Get data.var[column] data.

Parameters:

column (str,) – Column name in var.

Returns:

A pandas series containing the var data.

Return type:

pandas.Series

Examples

>>> zarr_data.get_var("symbol")
property obs: pandas.DataFrame#

Get the obs dataframe.

Returns:

A pandas dataframe containing the obs data.

Return type:

pandas.DataFrame

Examples

>>> zarr_data.obs
property obs_index: pandas.Index#

Get the obs index.

Returns:

A pandas Index containing the obs index.

Return type:

pandas.Index

Examples

>>> zarr_data.obs_index
row_slice_csr(group, idx)[source]#

Row slice a sparse csr matrix.

Parameters:
  • group (zarr.hierarchy.Group) – A zarr group.

  • idx (int,) – Numerical index of the cell.

Returns:

Sparse csr matrix slice for one row.

Return type:

scipy.sparse.csr_matrix

Examples

>>> zarr_data.row_slice_csr(group, 42)
set_X(matrix)[source]#
Set the X sparse matrix.

This will overwrite the current stored X.

Parameters:

matrix (csr_matrix, csc_matrix, coo_matrix) – The sparse matrix.

Examples

>>> zarr_data.set_X(matrix)
set_annotation(annotation, df)[source]#
Store annotation (i.e. obs, var) from a dataframe.

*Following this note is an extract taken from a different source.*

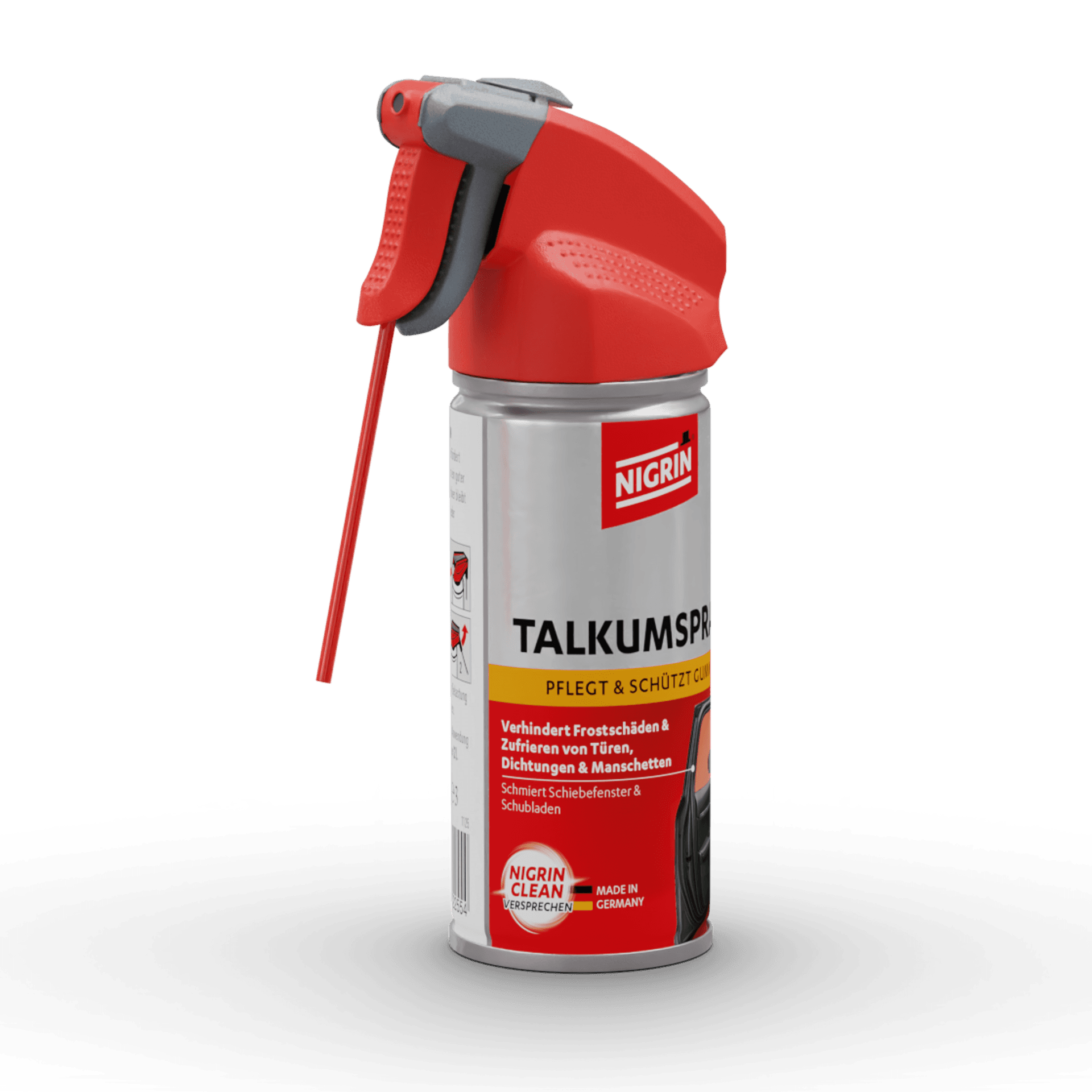 Talkumspray 100 ml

This will overwrite the current data.

Parameters:
  • annotation (str,) – Annotation name (i.e. obs, var).

  • df (pandas.DataFrame) –

Examples

>>> zarr_data.set_annotation("obs", df)
set_matrix(group, matrix)[source]#
Set the sparse matrix for a zarr group.

This will overwrite the current data.

Parameters:
  • group (zarr.hierarchy.Group) – A zarr group.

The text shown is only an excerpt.